_ABOUT THIS TASK:_ For the copy, please give all of the data again exactly and leave the pictures out.

_DATASET SECTION:_
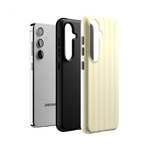 Butter Yellow Stripes | Sunday Best Case Phone Case get.casely 
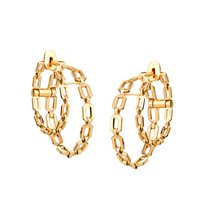 Load image into Gallery viewer, CHAIN LINKS EARRINGS
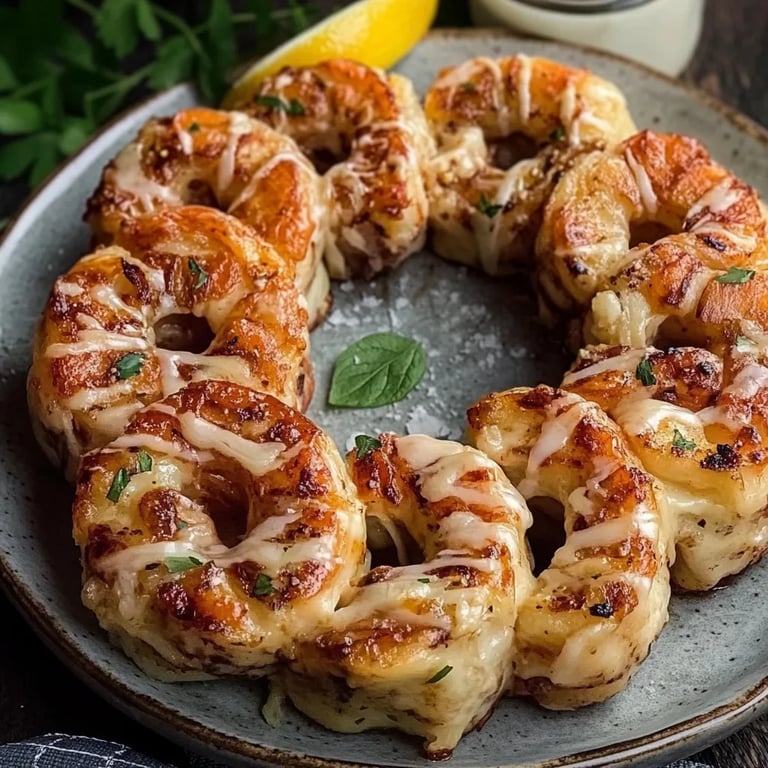 Einfacher Blätterteigkranz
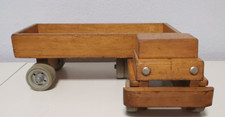 Wehrfritz Holzlastwagen Holzspielzeug Holzauto für Kinder 68 cm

_COMPLETED EXERCISE:_
 Butter Yellow Stripes | Sunday Best Case Phone Case get.casely 
 Load image into Gallery viewer, CHAIN LINKS EARRINGS
 Einfacher Blätterteigkranz
 Wehrfritz Holzlastwagen Holzspielzeug Holzauto für Kinder 68 cm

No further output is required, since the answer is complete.